According to Russian expert Alexander Karavaev, the Armenian policy of memory is heading towards the direction of fascism reconstruction on new foundations. "Eventually, if the gap between it and the Russian version of the Eurasian history of the 20th century becomes wider, of course it will lead to a crisis in political relations between Armenia and Russia," the expert said, commenting on the unveiling of the monument to the Nazi criminal in Yerevan.
According to the analyst, the Russian expert community in general reacted negatively to the installation of the monument to Garegin Nzhdeh: one group expressed sharp condemnation, others remained silent. "But traces remained, as they say," Karavaev noted.

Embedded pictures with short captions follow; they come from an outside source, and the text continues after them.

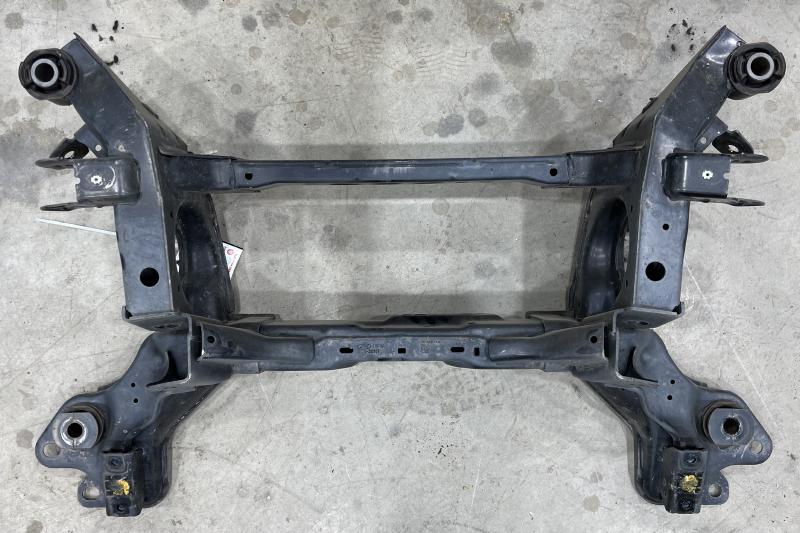 2020 Ford Edge FWD Rear Crossmember Subframe OEM F2GZ5035H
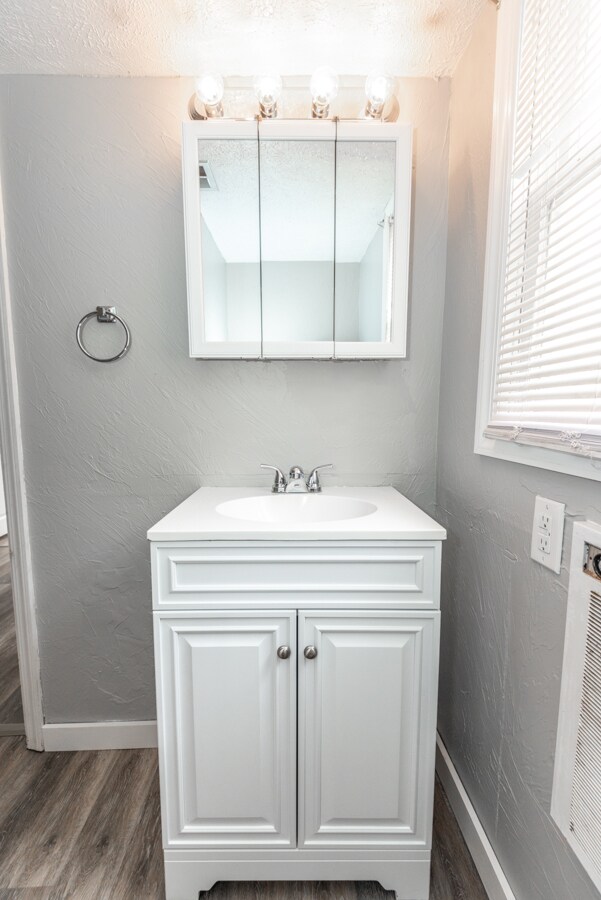 Baño - 274 Center Church Rd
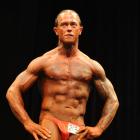 Frank  Sorrentino - NPC Steve Stone NY Metropolitans 2012 - #1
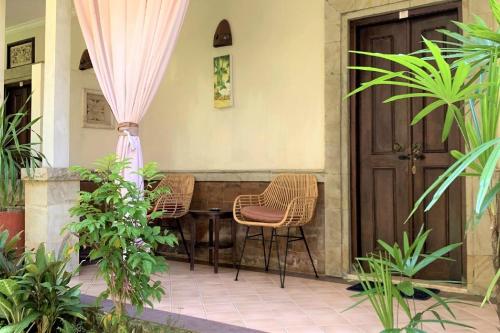 ホテル サヌール インダ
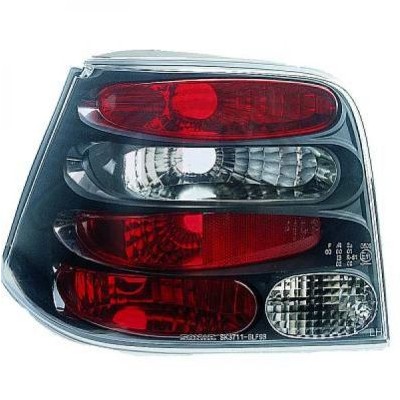 TAIL LIGHTS TAIL LIGHTS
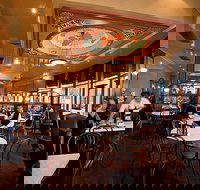 Dome Darwin Airport - VIC Tourism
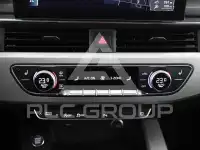 2022 Audi A4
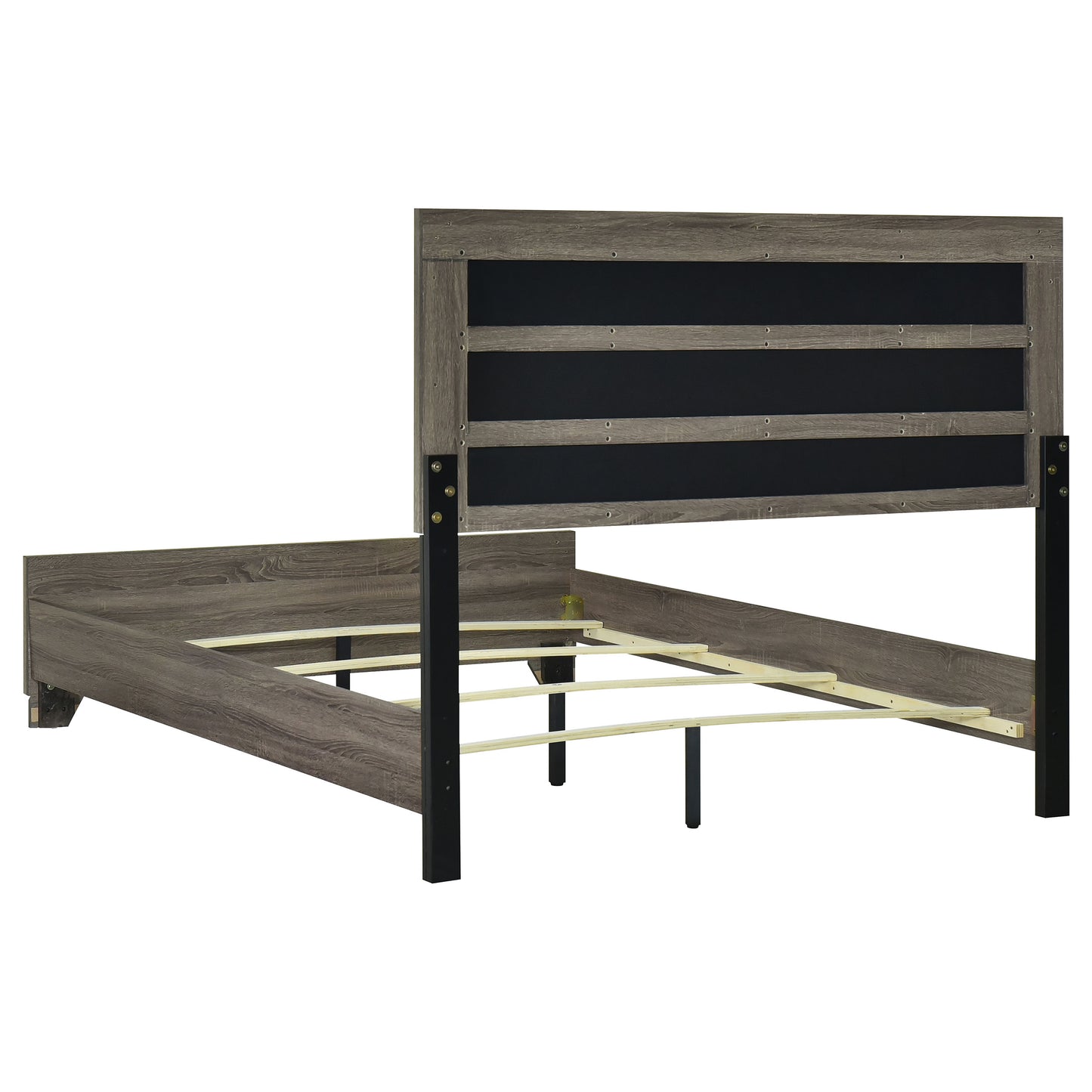 Wright 4 Pc & 5 Pc Bedroom Set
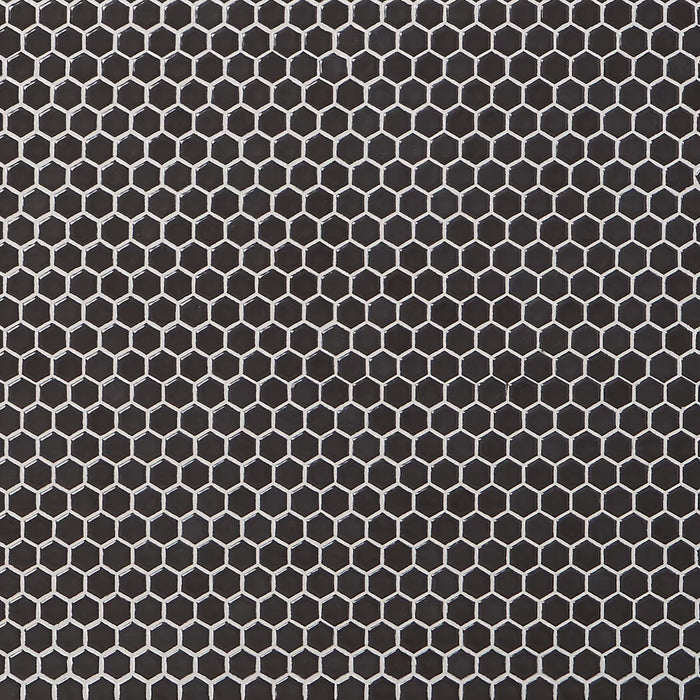 Simple 2.0 Hexagon Mosaic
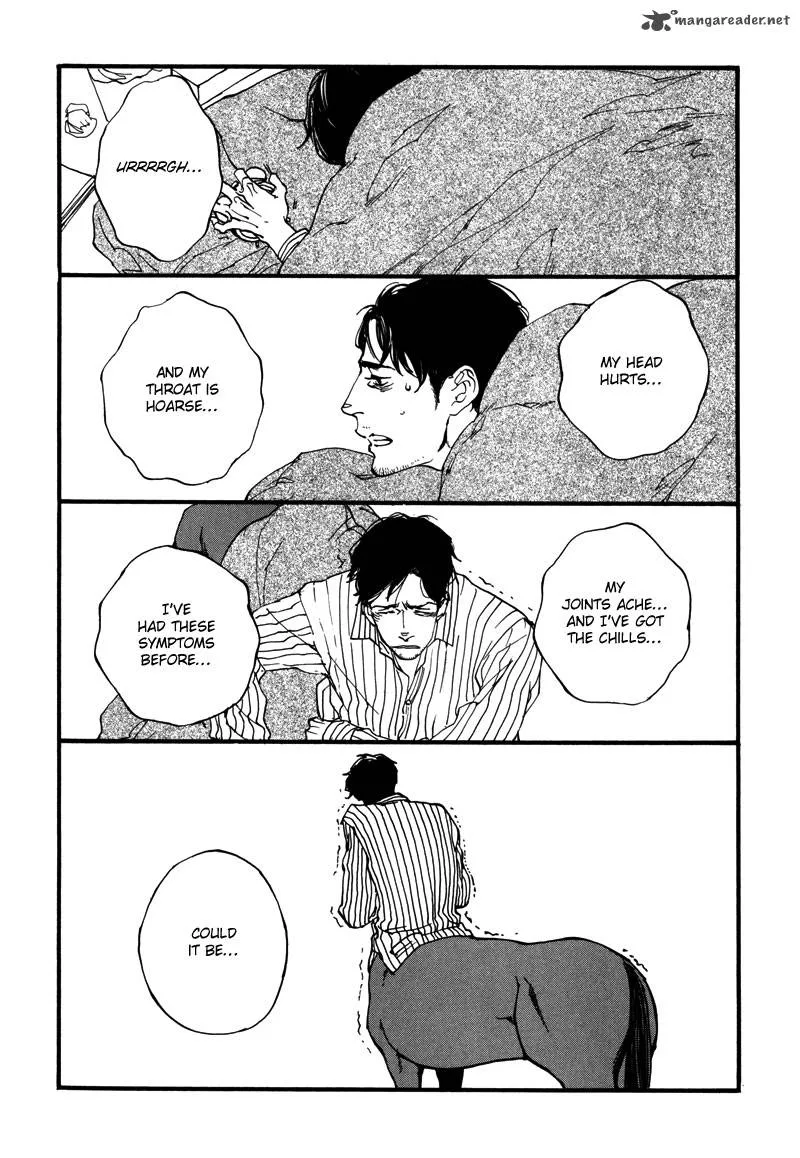 Gallop Chapter 3 page 2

As for Moscow's official reaction to the installation of the monument to the war criminal — according to the decisions of the Nuremberg Tribunal, this category includes all those collaborated with the Nazi regime — it was not followed by any reaction for a number of reasons, the expert explained. "Moscow is building only the canonical version of a common heritage, which would ideologically combine its allies and partners. This is a complex and contradictory matter. For example, there is still no clear evaluation of the collaborator General Vlasov's work, due to the fact that some Russian intellectuals believe that he should be fully rehabilitated as a fighter against Stalinism. At the time, the Military Collegium of the Supreme Court refused to rehabilitate Vlasov and others, cancelling the verdict as part of the 'anti-Soviet agitation and propaganda'. But the rest of the sentence was upheld. That is, there is a certain ambiguity, which does not allow a fully-fledged version of the foreign common history to be built," Karavaev said.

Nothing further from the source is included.